Dominique Strauss-Kahn resigned as head of the IMF, saying he needed to devote all his energy to fight charges that he sexually assaulted a hotel maid.
His arrest after he was pulled from a plane in New York on Saturday dashes Strauss-Kahn’s prospects of running for the French presidency next year and has sparked debate over the more than 60-year tradition that a European is appointed as the head of the fund.
“I deny with the greatest possible firmness all of the allegations that have been made against me,” Strauss-Kahn said in his letter of resignation, released by the IMF and dated Wednesday. “I want to devote all my strength, all my time and all my energy to proving my innocence.”
The former French finance minister was scheduled yesterday to make his second request to be allowed out of jail on US$1 million cash bail and be placed under 24-hour house arrest until his trial.
He is being held in New York’s Rikers Island jail.
“Yes, there will definitely be a bail hearing tomorrow,” Manhattan District Attorney’s Office spokeswoman Erin Duggan said on Wednesday.
A police mug shot of Strauss-Kahn, 62, taken more than 24 hours after he was detained, showed him exhausted, his eyes downcast and half-closed and wearing a rumpled, open-neck shirt.
The photograph is likely to fuel outrage in France over the way the man seen as a strong contender for the presidency was paraded before the cameras in what is called the “perp walk.”
Polls released in France on Wednesday showed 57 percent of respondents thought the Socialist politician was definitely, or probably, the victim of a plot.
The woman Strauss-Kahn allegedly tried to rape, a 32-year-old widow from West Africa, testified on Wednesday before a grand jury. It will decide in secret whether there is enough evidence to formally press charges with an indictment.
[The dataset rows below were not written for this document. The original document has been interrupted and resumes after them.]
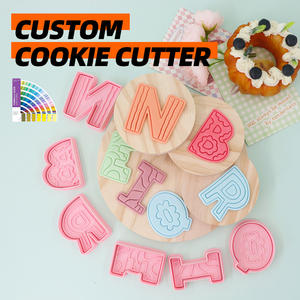 <span class=keywords><strong>Emporte</strong></span>-pièces <span class=keywords><strong>en</strong></span> plastique <span class=keywords><strong>de</strong></span> 26 lettres Love 3D Cartoon DIY Clay Animation Printed Customized Eco-Friendly Biscuit Mold - Product Image 1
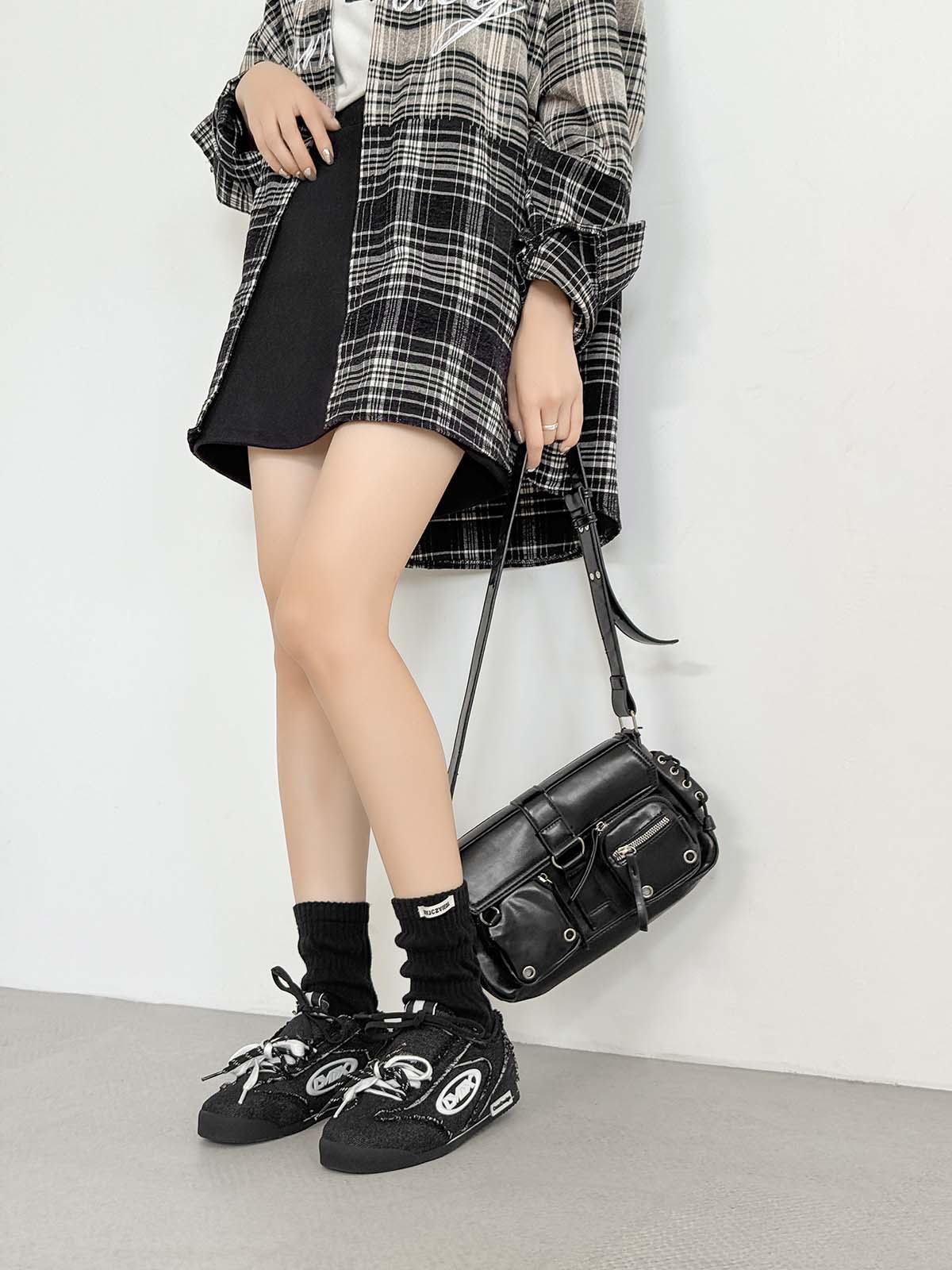 U9829 Stylish and Versatile Numbered Accessory for Modern Fashion Enthusiasts 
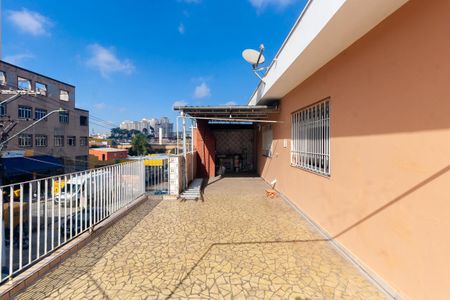 Casa para alugar com 100m², 3 quartos e 1 vaga Casa para alugar com 100m², 3 quartos e 1 vagaVaranda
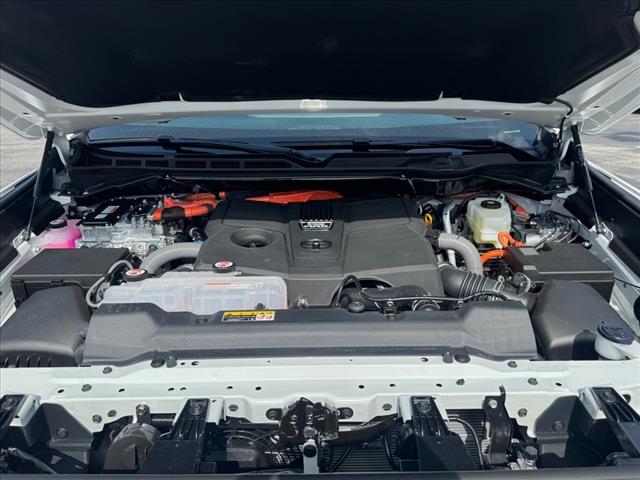 2025 Toyota Tundra PLATINUM HYBRID CREWMAX 5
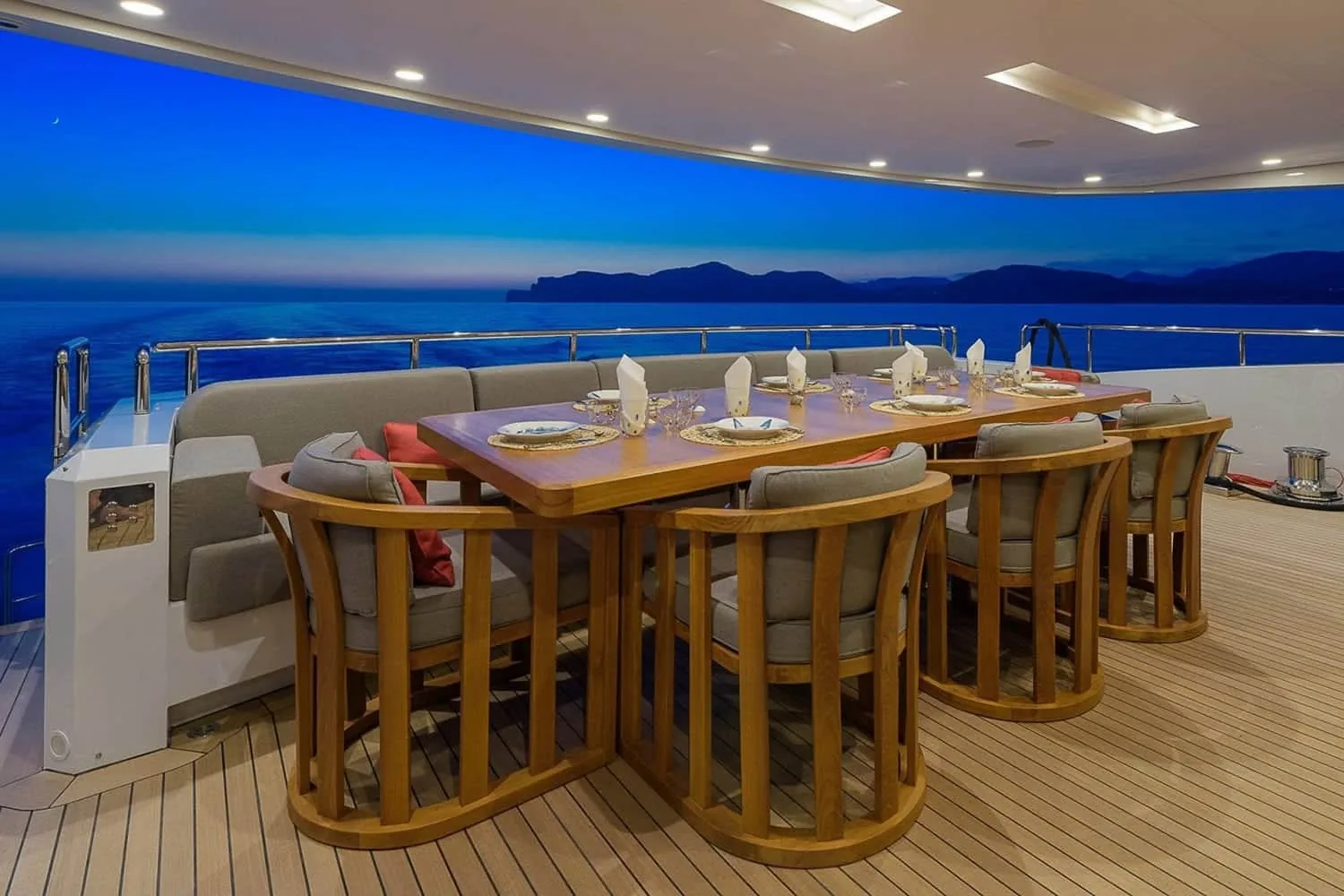 MR T - yacht charter photo 15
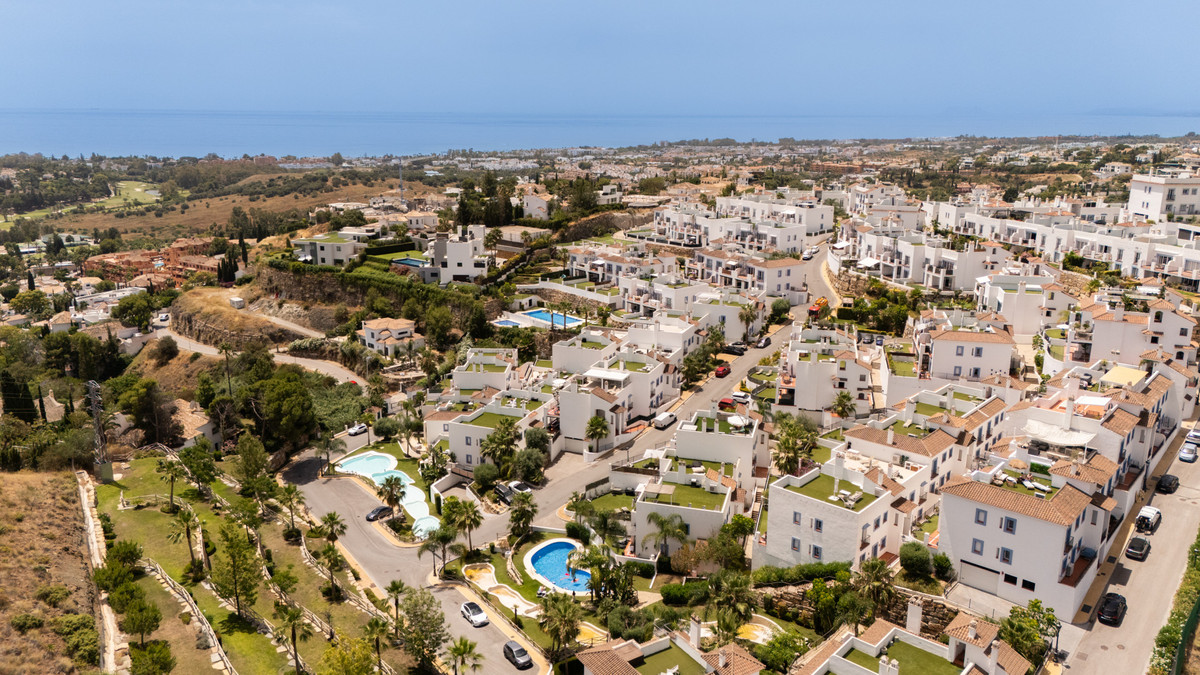 2 Bed Apartment for sale in Benahavís Costa Del Sol, Málaga, Spain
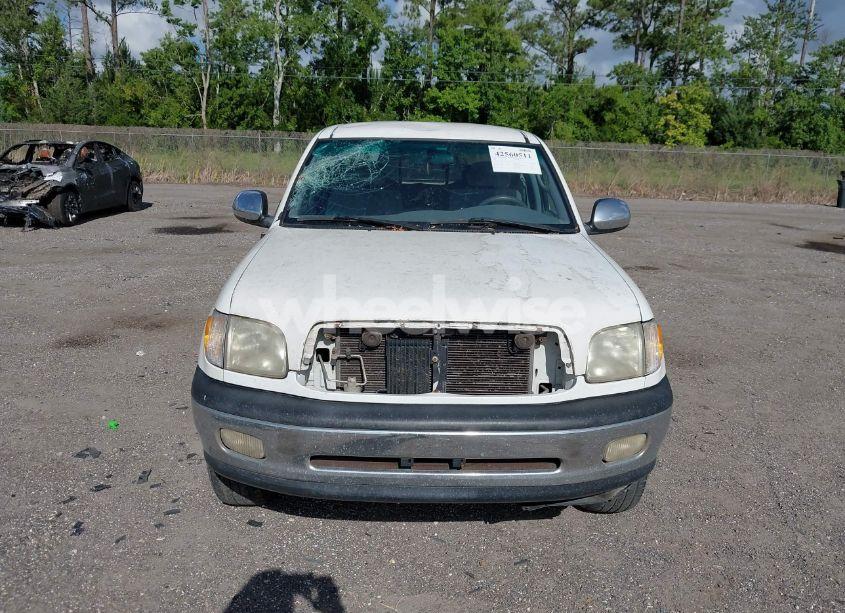 Photo 6 of 2000 Toyota Tundra SR5 V8 (VIN 5TBRT3412YS003034)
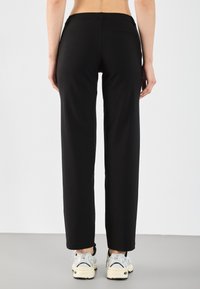 Even&Odd Auduma bikses - black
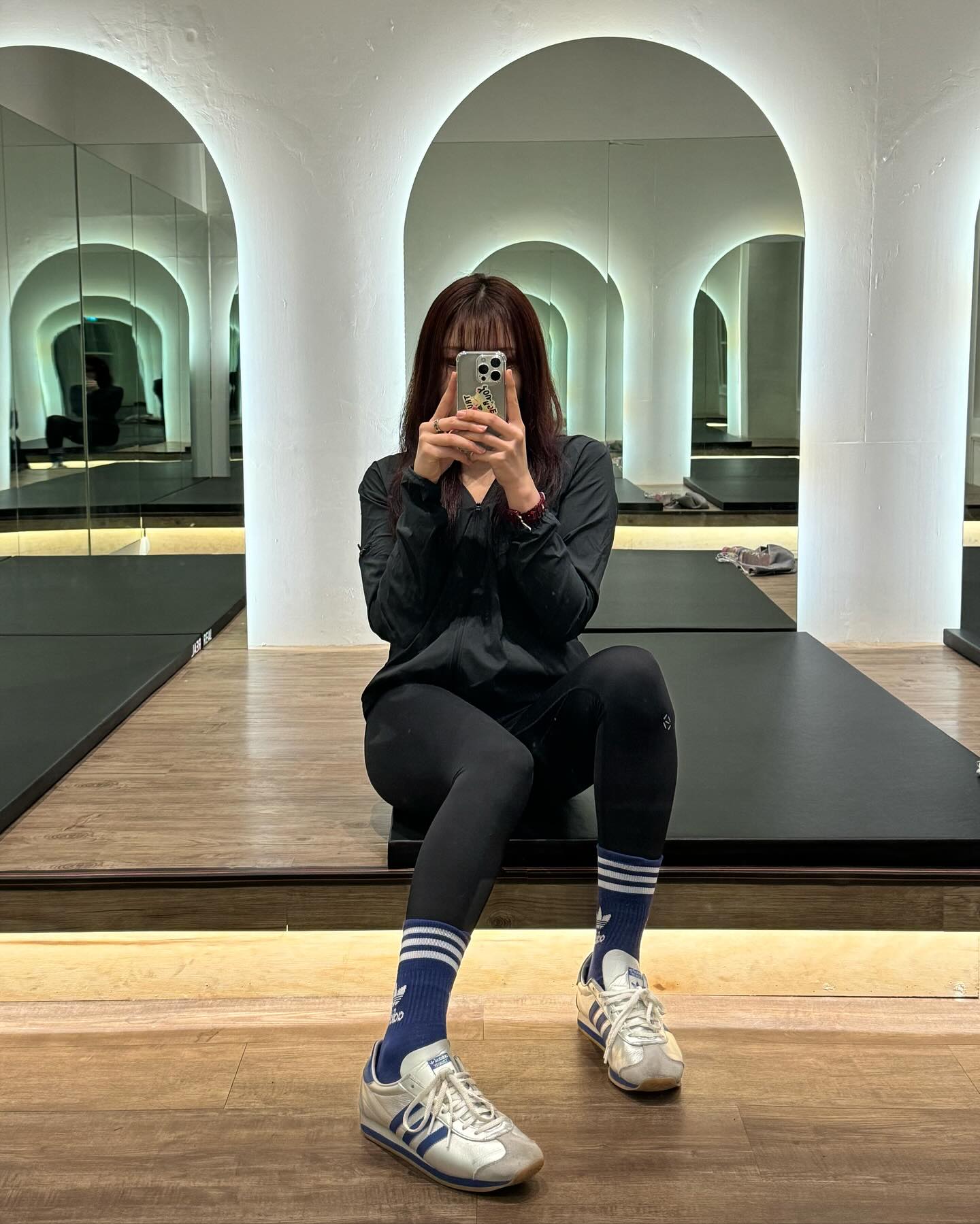 헬스장은 mn휘트니스 대치점으로 !

-
-
#mn휘트니스 #mn휘트니스대치점 #선릉역헬스 #선릉역헬스장 #선릉역헬스장추천 #대치동헬스장 #대치동헬스장추천 #대치헬스장 #운동하는여자 #운동하는남자 #헬스하는여자 #헬스하는남자 #health #healthylifestyle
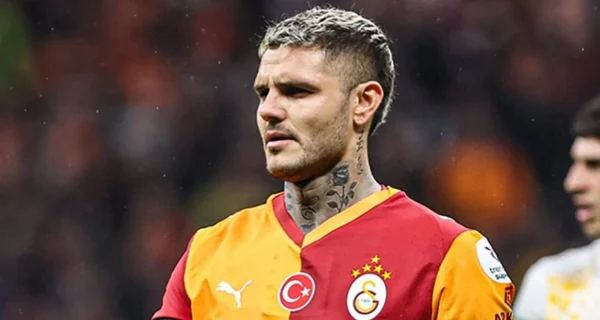Mauro Icardi en acción durante un partido de fútbol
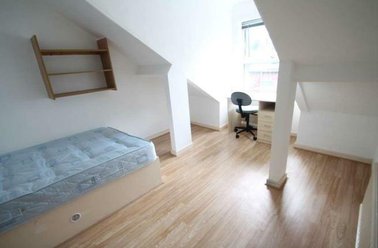 11 Frederick Grove, Lenton, Nottingham - Image 2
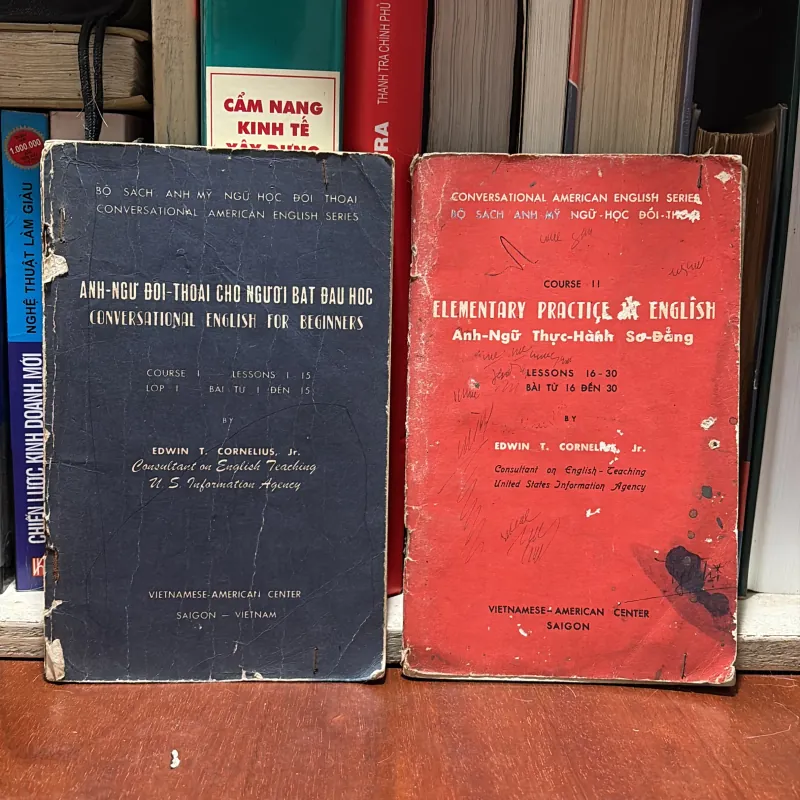 II Sách Xưa: Bộ Sách Anh Mỹ Ngữ Học Đối Thoại (2 Tập) - EDWIN T. CORNELIUS  790707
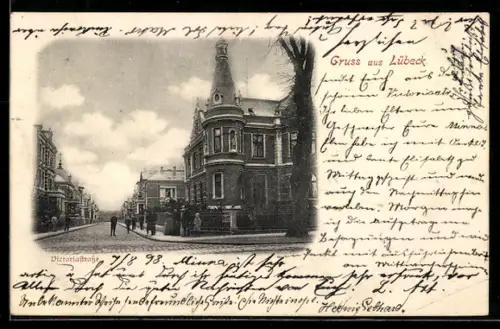 AK Lübeck, Victoriastrasse mit Turm-Eckgebäude u. Kirche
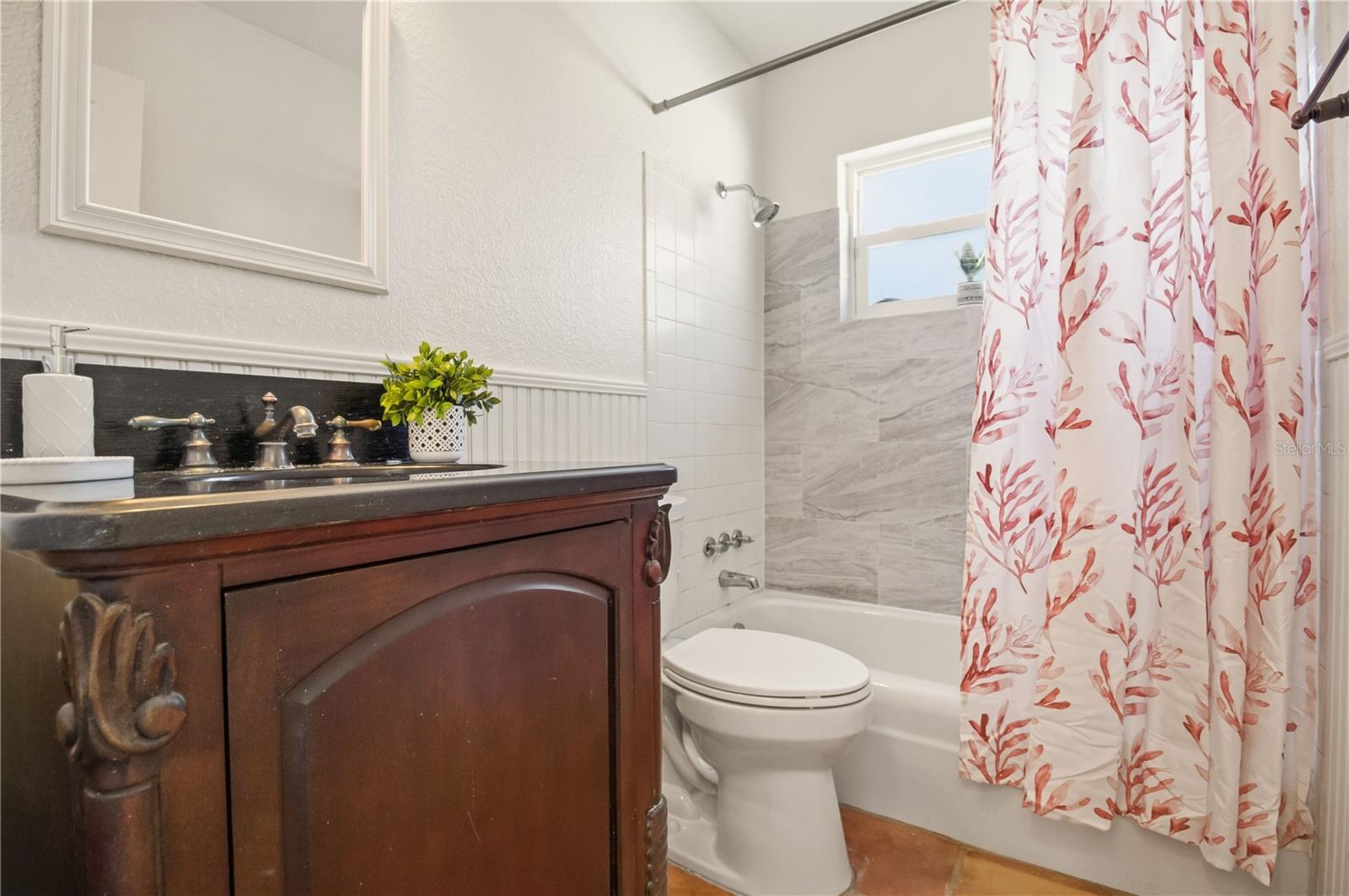 220 62ND ST NW, BRADENTON, FL, 34209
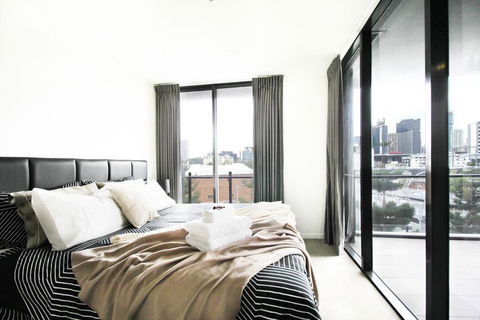 South Brisbane Residence - Holiday Byron Bay 2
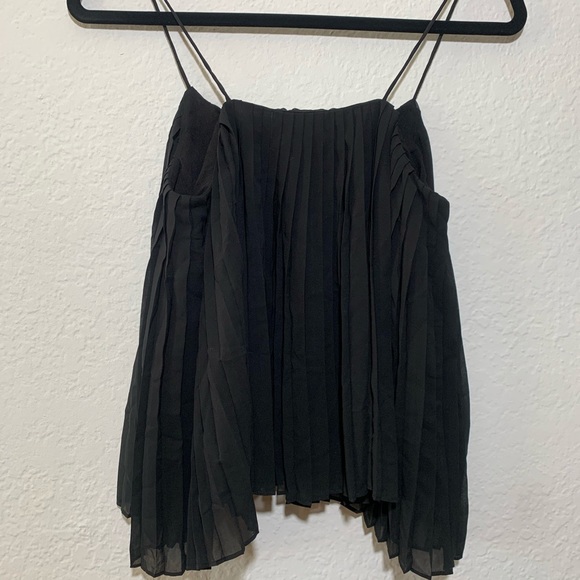 Abercrombie and Fitch Flowy Pleaded Tank Top - Picture 5 of 6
New details have emerged about the sequence of events surrounding the alleged attack.
Strauss-Kahn left the Sofitel near Times Square in Manhattan at about 12:30pm on Saturday and about an hour later, hotel security called police to report an alleged sexual assault, a law enforcement source said.
New York investigators are questioning why officials at the hotel waited an hour to call police after the IMF chief had left in a hurry.
He has been charged with attempted rape, sexual abuse, a criminal sexual act, unlawful imprisonment and forcible touching. If convicted, he could face 25 years in prison.
The woman he is accused of assaulting is an asylum seeker from Guinea with a 15-year-old daughter.
In the only public hint of Strauss-Kahn’s possible line of defense, his attorney Benjamin Brafman told his arraignment hearing on Monday that the evidence “will not be consistent with a forcible encounter.”
Any trial could be six months or more away.
Stauss-Kahn’s resignation will intensify the debate over who should next lead the IMF and whether it is time to ditch the tradition, in place since it was set up in 1945, of having a European as managing director.
Emerging market economies, which are already demanding a greater say in how the IMF is run, have also been pressing their case for the global economy’s financial manager to be drawn from their ranks.
China, Brazil and South Africa have all suggested a new approach to selecting the next managing director. Mexico and Japan called for an open process.
“As agreed at G20, heads of international financial organizations and senior leaders should be chosen based on their ability through an open and transparent process, so I think a suitable person should be chosen through such a process,” Japanese Finance Minister Yoshihiko Noda said after Strauss-Kahn’s resignation.
Strauss-Kahn’s departure comes at a sensitive time given the IMF’s dominant role in helping eurozone states such as Greece, Ireland and Portugal deal with massive debt problems.
Europeans argue that because of the eurozone debt crisis it makes sense for them to retain the post.
John Lipsky, the IMF’s No. 2, is acting managing director until the executive board selects a successor to Strauss-Kahn.